Print is not a dying industry, but it is one that is starting to become more specialized rather than universal. The role you'll fulfill for your customers is different today than it was even a few years ago. No doubt you've observed this change, and it's likely you've either already adjusted your selling tactics to match or are about to do so.
Surviving and thriving in the print industry as it now stands means meeting customers on their own terms. There's no way to turn back the clock to a time when they needed paper or other printed goods for every communication need. It's time to lend an ear to customer worries and needs and become a valued partner. Everything can play into this customer mindset, from your product lineup to the technology you use.
Web print as an advantage
One of the most important points on the road to a achieving a more customer-centric line of print offerings is framing every element of your company in terms of whether your clients will care about it. This is something to think about when you are acquiring new technologies or materials from dealers and when you're formulating marketing plans. As frequent WhatTheyThink columnist Jennifer Matt recently pointed out, even your web-to-print features should be managed with the end user in mind.

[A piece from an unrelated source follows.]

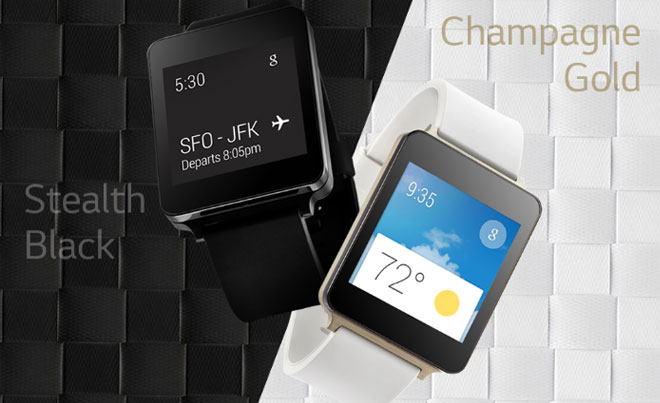 LG G Watch announced in Champagne Gold no official specifications yet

Matt specified that ease of use is the key to a good online experience. Thinking about how many steps it takes to receive an order from your company is a good way to start. If people have to go through several rounds of interaction to perform even simple steps, the system may need a re-think. After all, this is the digital age. Matt pointed out that web-first services such as Amazon have wiped out the previous generation of supposedly efficient retail businesses. With highly efficient self-service experiences now the default, a web-to-print option that seems mired in a past age isn't likely to wow customers or encourage them to come back.
This web baseline is important to remember for another reason: Buyers have become more lax about when they make purchases. Matt explained that people no longer think in terms of whether a company is "open" at the hour they are interacting with it, or whether it is near them. They just want the order to go through and to receive the product in a timely fashion. If simple functions in your web-to-print interface require communications from your team, you have reinstated the concept of business hours, which may be inconvenient to clients who want a 24/7 e-commerce type of print ordering experience.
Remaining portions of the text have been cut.